## Task objective:
Lines from the one containing "renault laguna iii del año 2009" through the last line of the records below need to be repeated exactly; nothing else, and no pictures.

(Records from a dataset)
★ ★ ★ ★ ★ ★ ★

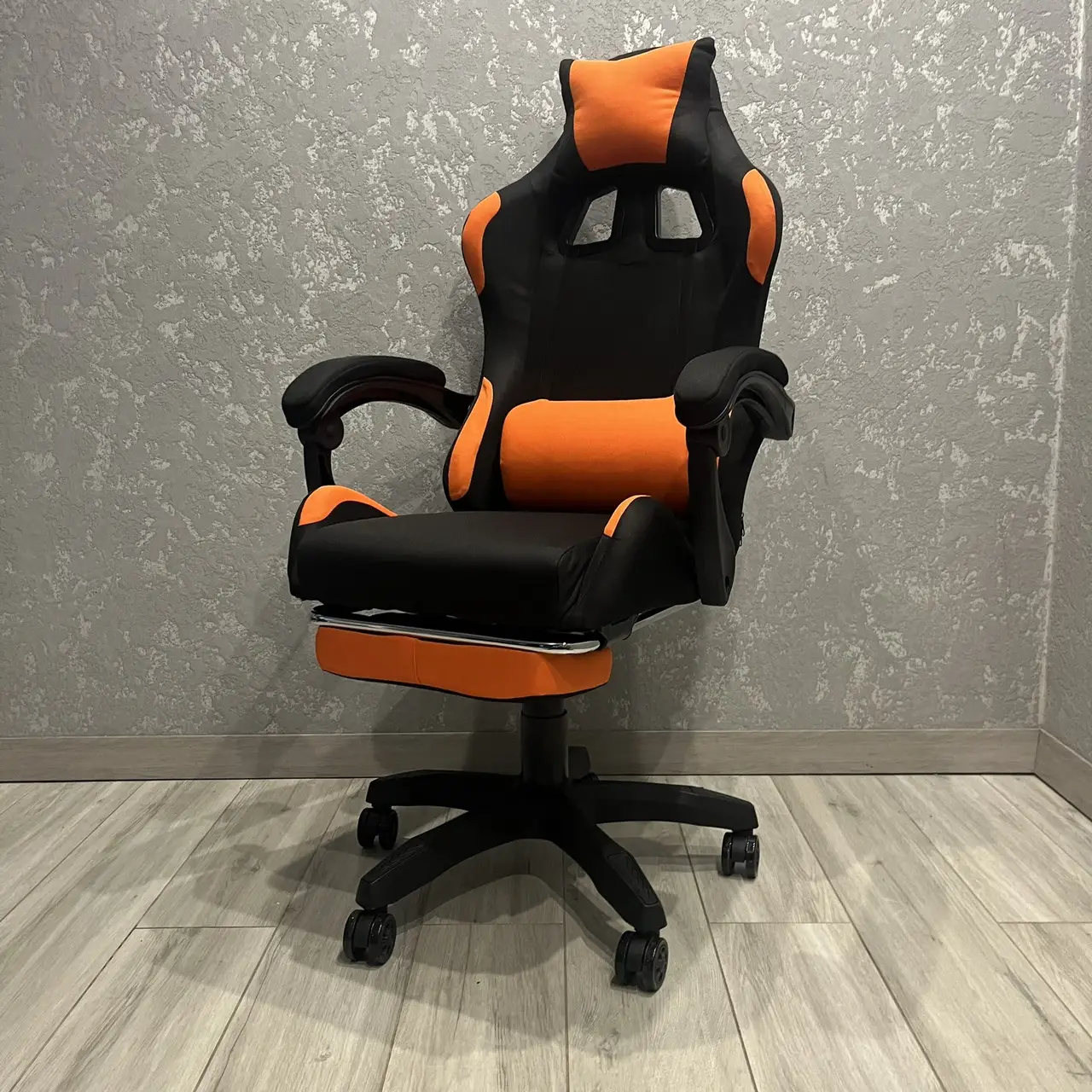 Крісло ігрове PRESTIGE M11 Чорний/Помаранчевий - фото 4 Крісло ігрове PRESTIGE M11 Чорний/Помаранчевий - фото 4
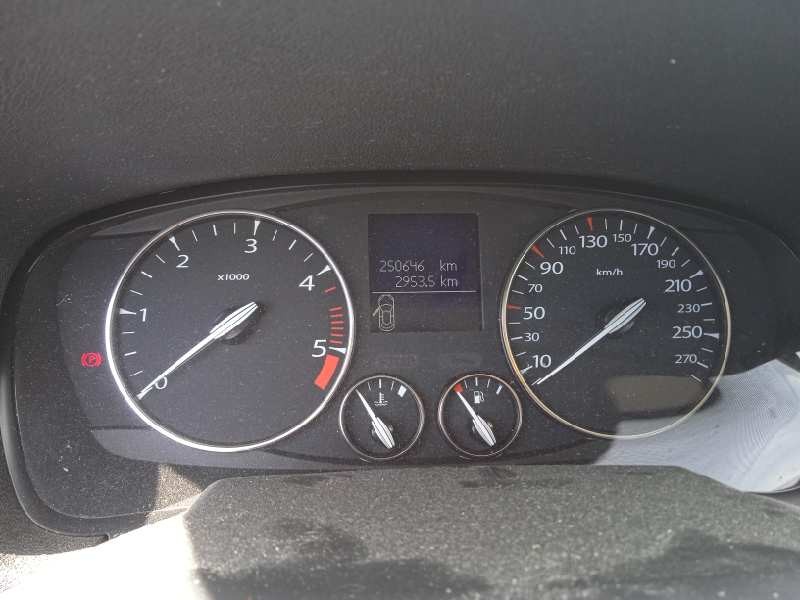 renault laguna iii del año 2009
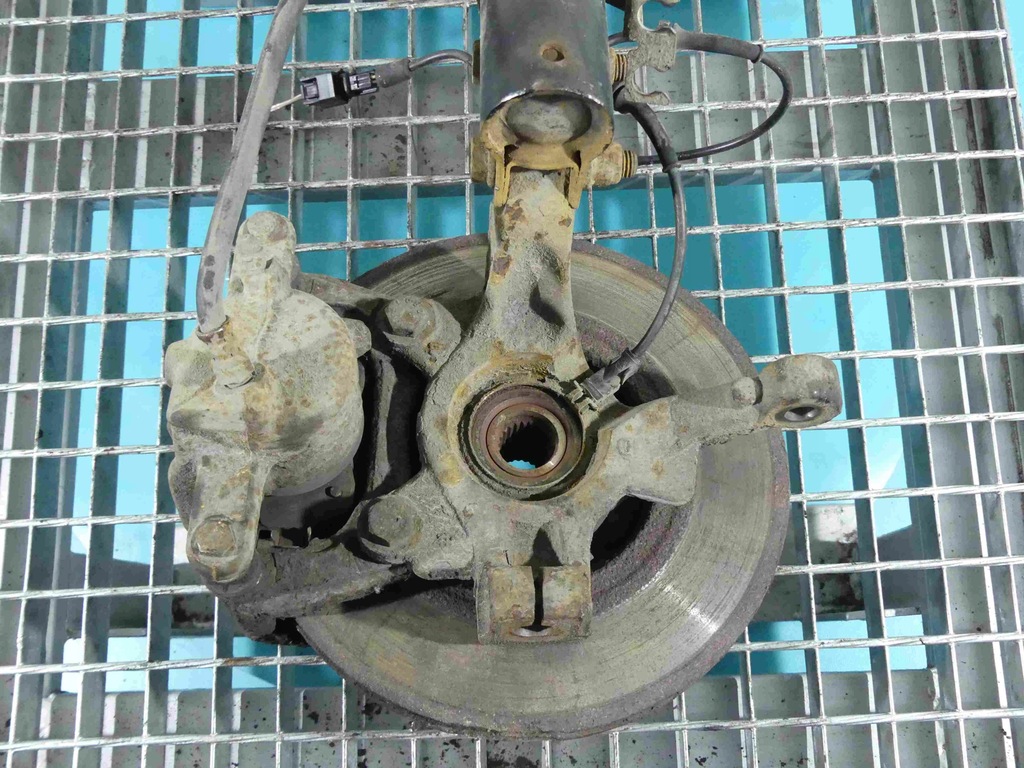 фото №2, Поворотний кулак права ступиця перед 1.4 16v renault modus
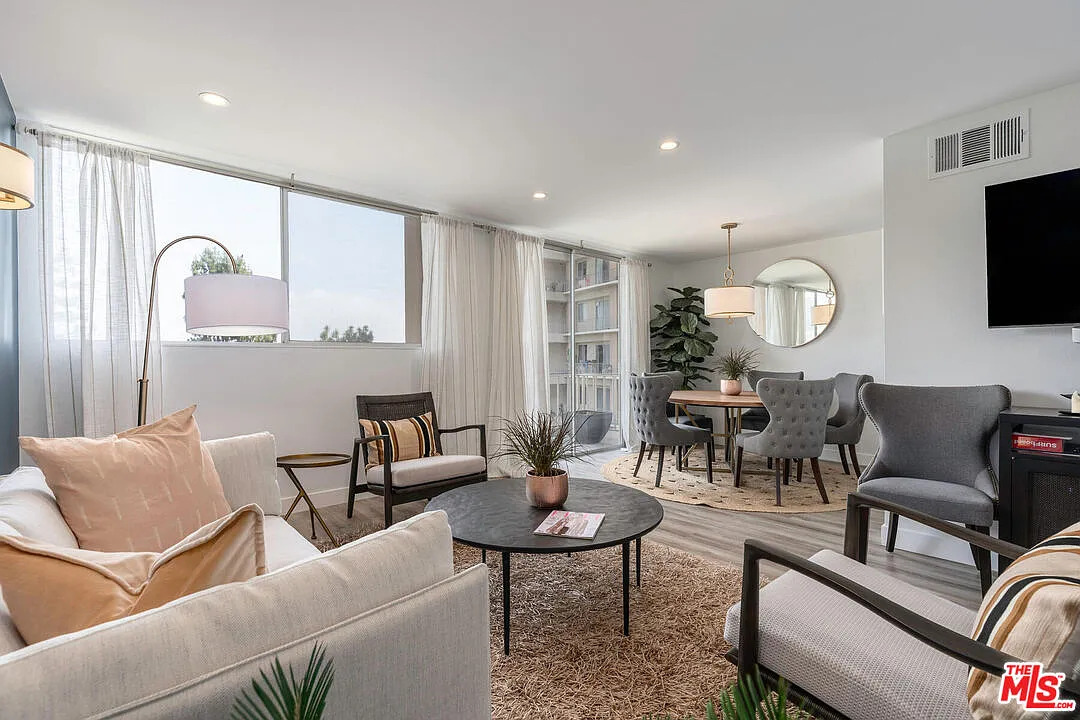 1 bed, 2.0 bath, 712 sqft, $3,600 — Photo 2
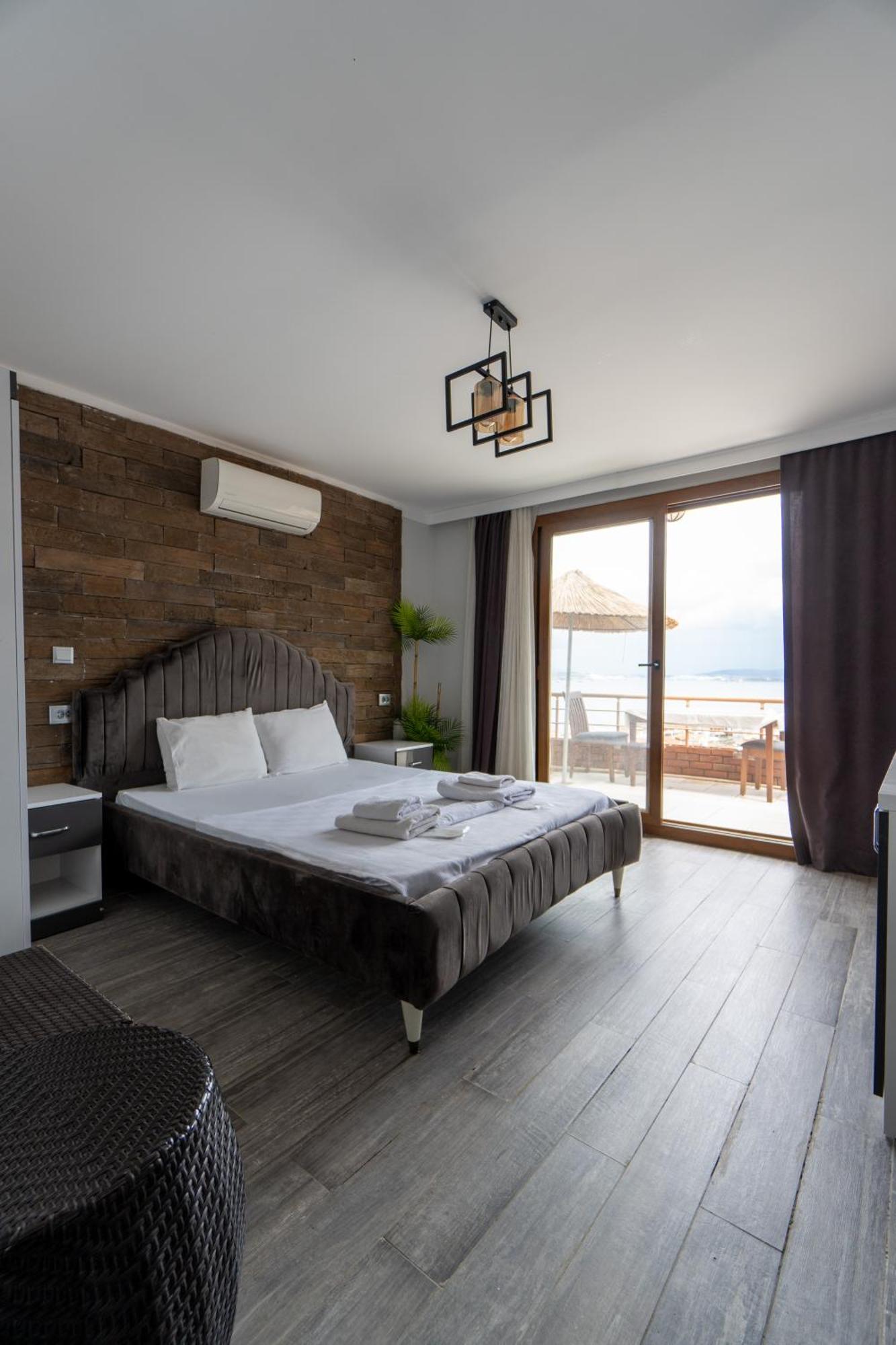 Stone House Butik Otel İzmir Bilik gambar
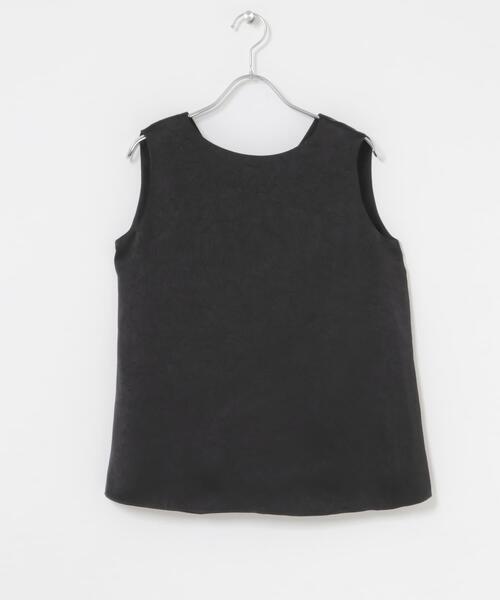 URBAN RESEARCH ROSSO WOMEN(アーバンリサーチ ロッソ)の「2WAYネックサテンブラウス(シャツ/ブラウス・レディース・オフホワイト/ブラック・FREE)」の17枚目の写真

★ ★ ★ ★ ★ ★ ★

## Solved problem:
 renault laguna iii del año 2009
 фото №2, Поворотний кулак права ступиця перед 1.4 16v renault modus
 1 bed, 2.0 bath, 712 sqft, $3,600 — Photo 2
 Stone House Butik Otel İzmir Bilik gambar
 URBAN RESEARCH ROSSO WOMEN(アーバンリサーチ ロッソ)の「2WAYネックサテンブラウス(シャツ/ブラウス・レディース・オフホワイト/ブラック・FREE)」の17枚目の写真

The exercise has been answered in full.